Task item.
Output the data below exactly, images excluded.

Material to process.
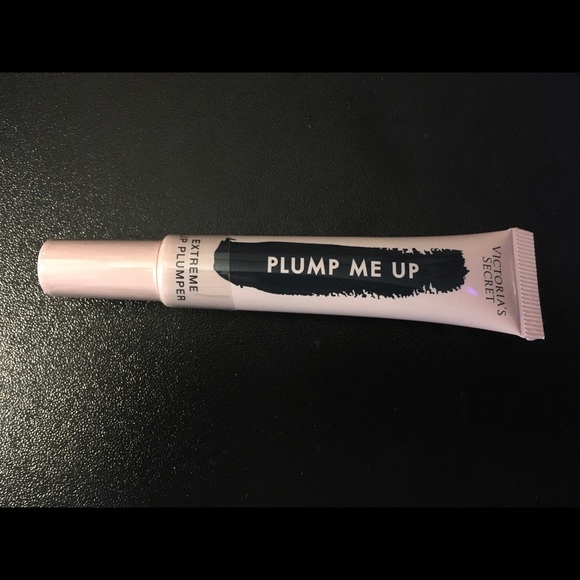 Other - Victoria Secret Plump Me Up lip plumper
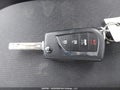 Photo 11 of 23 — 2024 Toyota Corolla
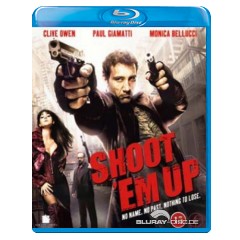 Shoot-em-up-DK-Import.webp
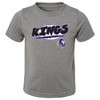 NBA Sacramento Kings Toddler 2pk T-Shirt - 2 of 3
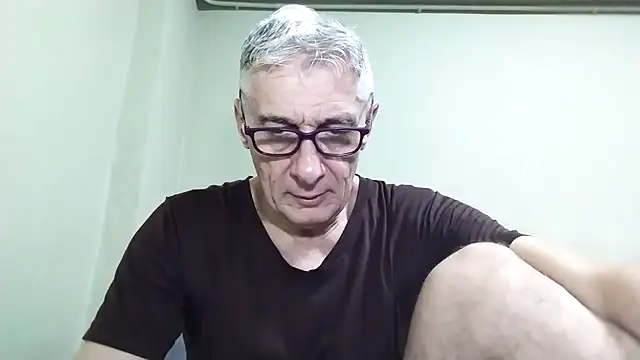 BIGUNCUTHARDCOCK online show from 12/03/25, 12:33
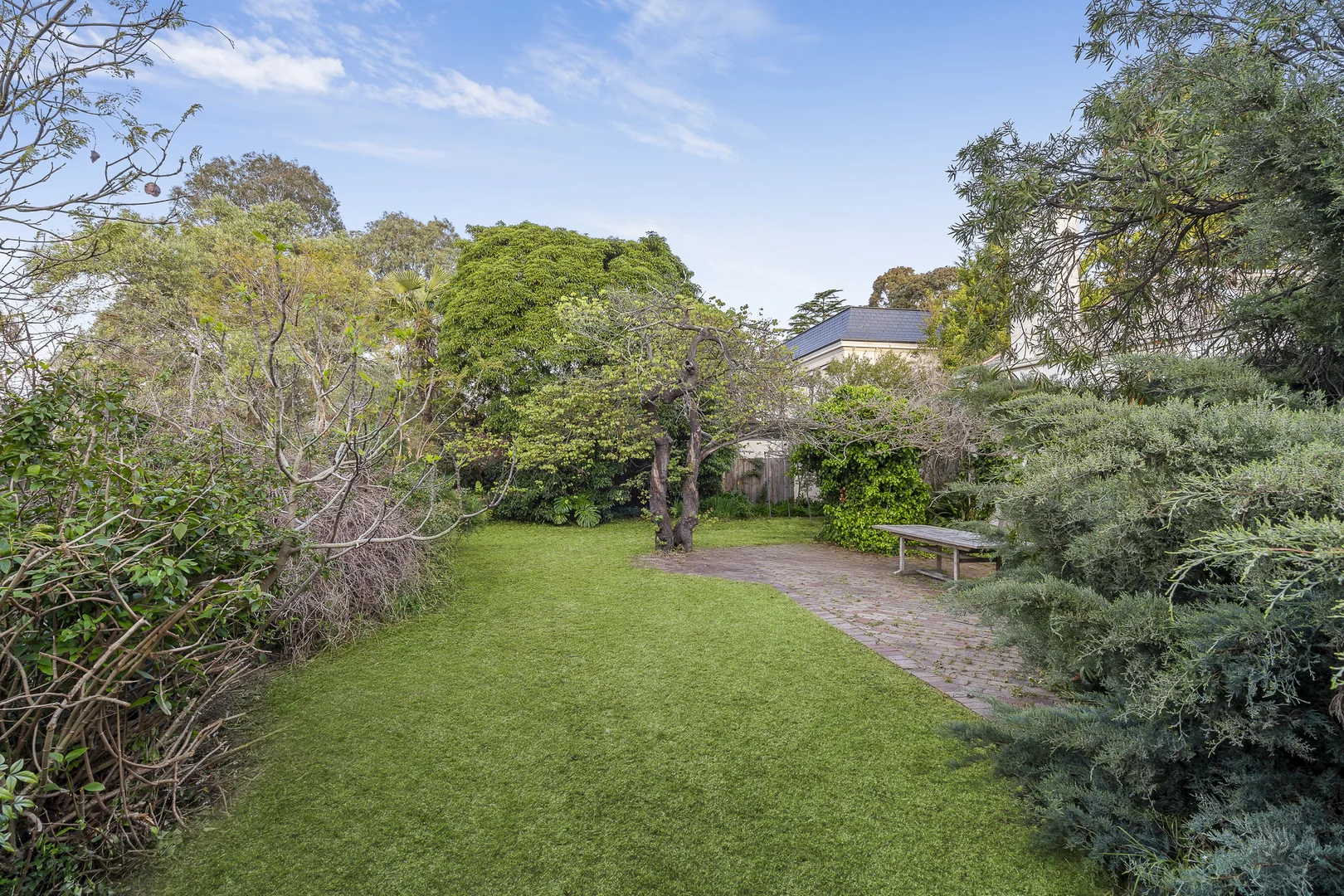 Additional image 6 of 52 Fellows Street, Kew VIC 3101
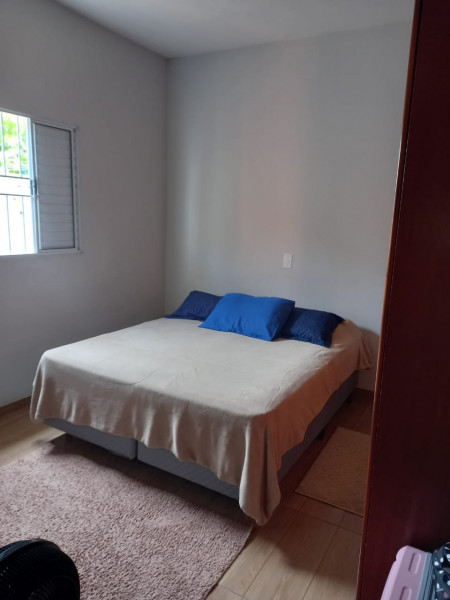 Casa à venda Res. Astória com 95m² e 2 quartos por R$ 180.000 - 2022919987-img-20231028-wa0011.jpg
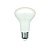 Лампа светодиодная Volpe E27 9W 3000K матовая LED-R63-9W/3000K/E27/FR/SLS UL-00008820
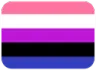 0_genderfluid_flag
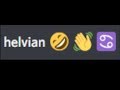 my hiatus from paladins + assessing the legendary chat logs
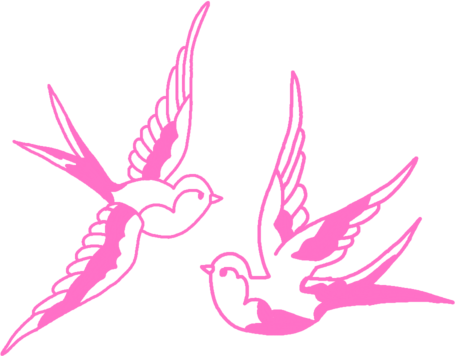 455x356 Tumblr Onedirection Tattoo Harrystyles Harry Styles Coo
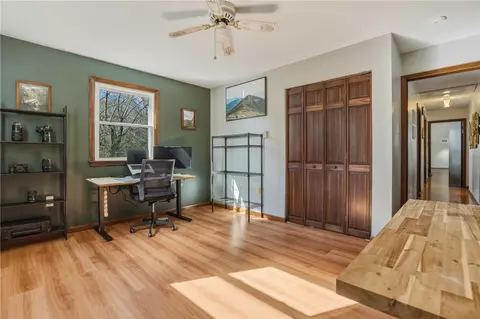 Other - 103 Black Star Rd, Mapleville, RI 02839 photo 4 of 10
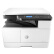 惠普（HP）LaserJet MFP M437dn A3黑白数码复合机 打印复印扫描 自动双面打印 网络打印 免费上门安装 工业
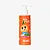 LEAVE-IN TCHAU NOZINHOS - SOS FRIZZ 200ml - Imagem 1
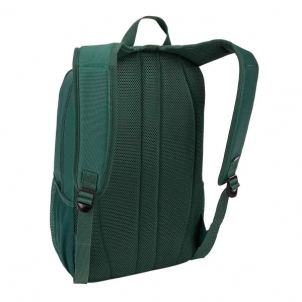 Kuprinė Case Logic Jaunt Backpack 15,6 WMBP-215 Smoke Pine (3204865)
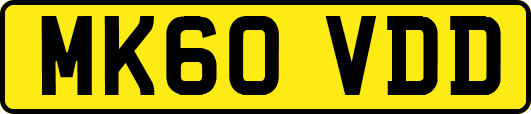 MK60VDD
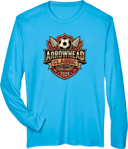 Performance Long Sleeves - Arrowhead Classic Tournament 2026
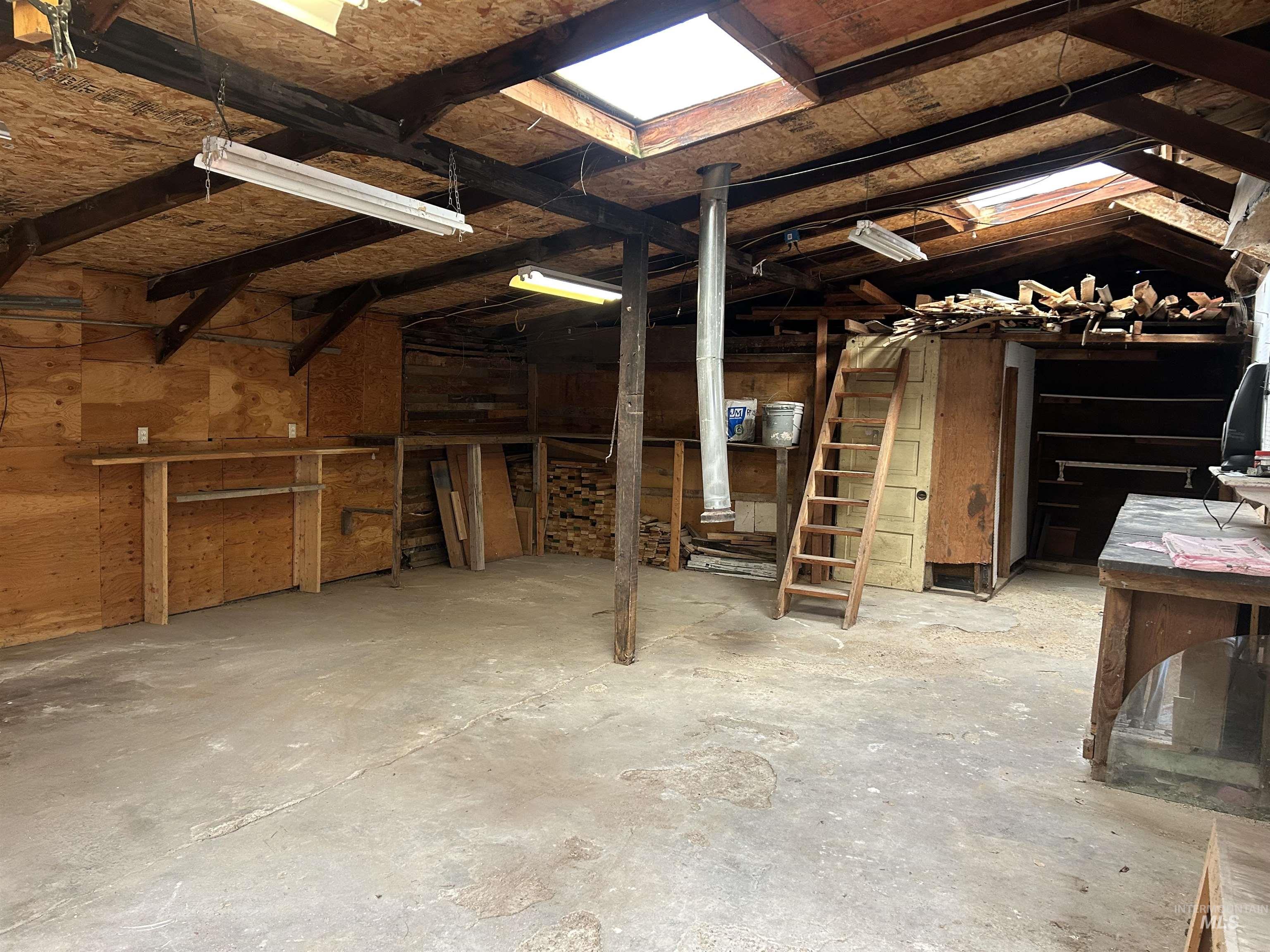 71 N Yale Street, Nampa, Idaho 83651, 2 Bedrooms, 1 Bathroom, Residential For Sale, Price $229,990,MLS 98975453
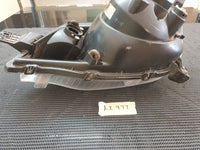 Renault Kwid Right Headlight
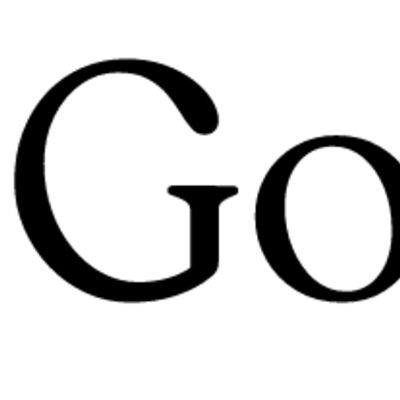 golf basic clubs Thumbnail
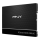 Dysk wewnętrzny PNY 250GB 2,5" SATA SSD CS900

The answer.
 Other - Victoria Secret Plump Me Up lip plumper
 Photo 11 of 23 — 2024 Toyota Corolla
 Shoot-em-up-DK-Import.webp
 NBA Sacramento Kings Toddler 2pk T-Shirt - 2 of 3
 BIGUNCUTHARDCOCK online show from 12/03/25, 12:33
 Additional image 6 of 52 Fellows Street, Kew VIC 3101
 Casa à venda Res. Astória com 95m² e 2 quartos por R$ 180.000 - 2022919987-img-20231028-wa0011.jpg
 Лампа светодиодная Volpe E27 9W 3000K матовая LED-R63-9W/3000K/E27/FR/SLS UL-00008820
 0_genderfluid_flag
 my hiatus from paladins + assessing the legendary chat logs
 455x356 Tumblr Onedirection Tattoo Harrystyles Harry Styles Coo
 Other - 103 Black Star Rd, Mapleville, RI 02839 photo 4 of 10
 惠普（HP）LaserJet MFP M437dn A3黑白数码复合机 打印复印扫描 自动双面打印 网络打印 免费上门安装 工业
 LEAVE-IN TCHAU NOZINHOS - SOS FRIZZ 200ml - Imagem 1
 Kuprinė Case Logic Jaunt Backpack 15,6 WMBP-215 Smoke Pine (3204865)
 MK60VDD
 Performance Long Sleeves - Arrowhead Classic Tournament 2026
 71 N Yale Street, Nampa, Idaho 83651, 2 Bedrooms, 1 Bathroom, Residential For Sale, Price $229,990,MLS 98975453
 Renault Kwid Right Headlight
 golf basic clubs Thumbnail
 Dysk wewnętrzny PNY 250GB 2,5" SATA SSD CS900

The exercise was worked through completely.